I can’t figure out how to run game mods that are arbitrary .exe programs that are meant to hook into a running game. Specifically, otis_inf camera tools with, for example, Final Fantasy 7 Rebirth. I’ve tried protontricks but its so damn complicated and poorly documented I don’t really know how.
Is this feedback for devs?
My 144hz monitor randomly runs at 60hz with no way of changing it apart from restarting several times.
I have a TV connected in addition to my monitor (for lazy gaming or watching series), but this causes various small but annoying problems. I can’t unlock my PC without moving the mouse over to my monitor, which invariably spawns on the TV, and I have to guess how to move it over (left/right alignment is also inconsistent). It also turns the mouse pointer massive on the monitor, presumably because the TV has a higher resolution. Despite marking the monitor as the main display, more than half of my applications launch on the TV. Except the ones I actually want there, of course. If my tv is off before booting is complete, and I turn it on later, my background disappears, and sound is routed to the terrible built-in monitor speakers instead of either the tv audio I use while it’s on, or the actually good headphones I use when it’s not.
At some point my kernel randomly broke because the driver of my WiFi adapter was somehow incompatible. It was a massive pain to figure out the problem and fix it.
As a causal user these are definitely points that came out worse than the competition functionality-wise, and since most of the general public will not opt for a lesser experience for the sake of idealism, this type of issue probably prevents other people who just want to use their PCs from switching.
Edit: it was also a massive pain to set up a Korean keyboard layout, in Windows you just select it and you’re done. In Ubuntu, you do the same and nothing changes. I don’t even remember what it was that actually fixed it, but I tried a lot of guides that didn’t work.

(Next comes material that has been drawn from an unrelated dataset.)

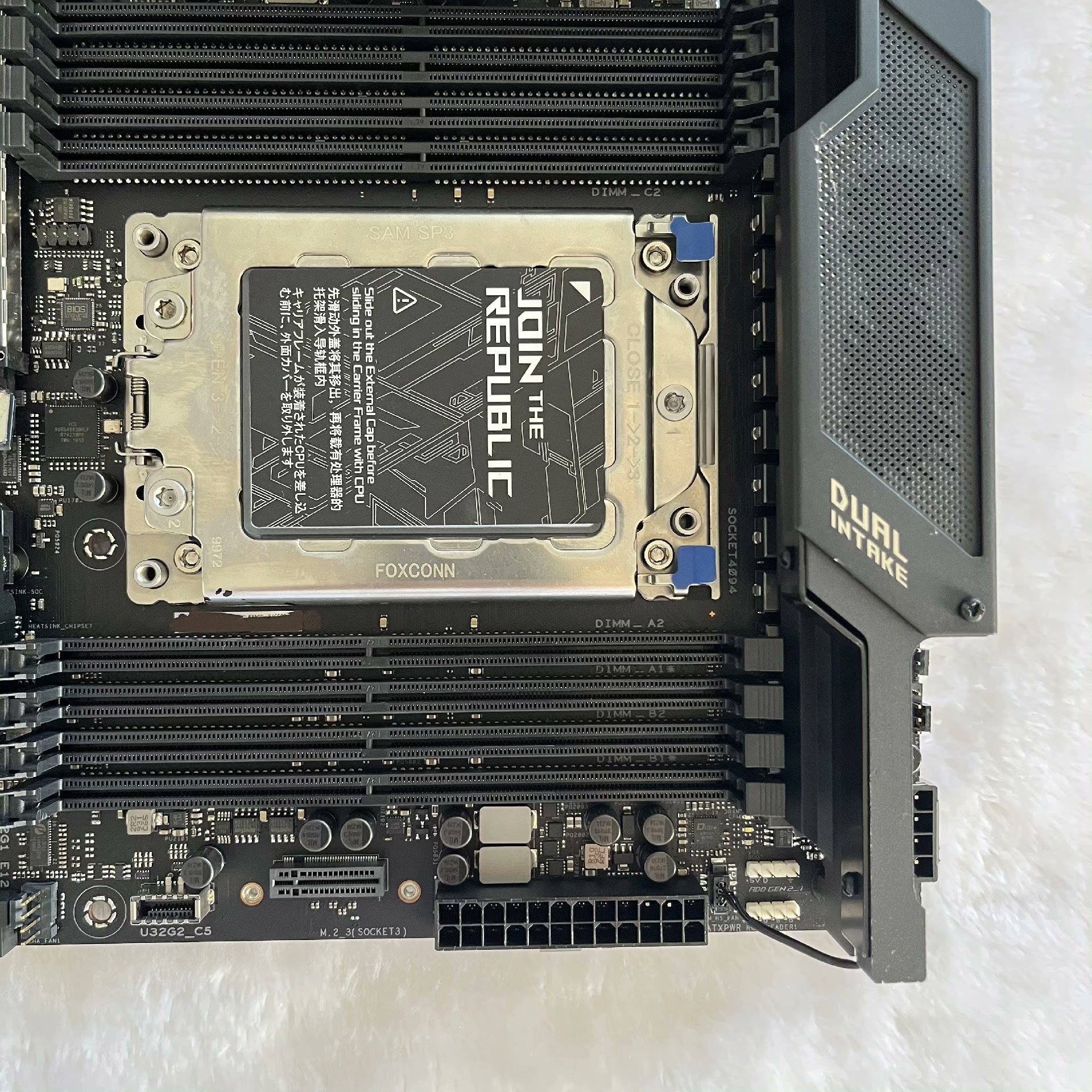 FOR ASUS ROG Strix TRX40-E Gaming DDR5*8 AMD TRX40 256GB ATX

Linux phones when? I personally don’t have any issues but one thing that would be nice is how to make Linux dumber and idiot proof for the average consumer
Power management could still be a lot better for Intel laptops (though admittedly over the past decade it’s come a VERY long way). On my Chromebook running Ubuntu the powersave governor noticably stutters as it decides whether to boost the clocks, but all the other governors significantly hurt battery life. Somehow Windows managed to solve this battery problem with all its bloat, and Chromeos also has while also ultimately running Linux under the hood. Laptops could really benefit from the same level of driver maturity as desktop platforms.
I’d also point out touchpad gesture support as a secondary point which is lacking. I love that pixel perfect scrolling and gestures are integrated into many desktop environments now, but they lack configuration for sensitivity and in some cases leave it to the applications themselves to control. Scrolling in Chrome is way too fast and Firefox way too slow for my trackpad, but unlike the cursor speed/acceleration, there is no setting to adjust the sensitivity of pixel perfect scrolling in supported applications.
In my case is Kernel Anticheats that work exclusively on Windows. It’s a pain to switch to Windows just to play those games. Obviously the fastes way to fix this is to directly not play those games anymore.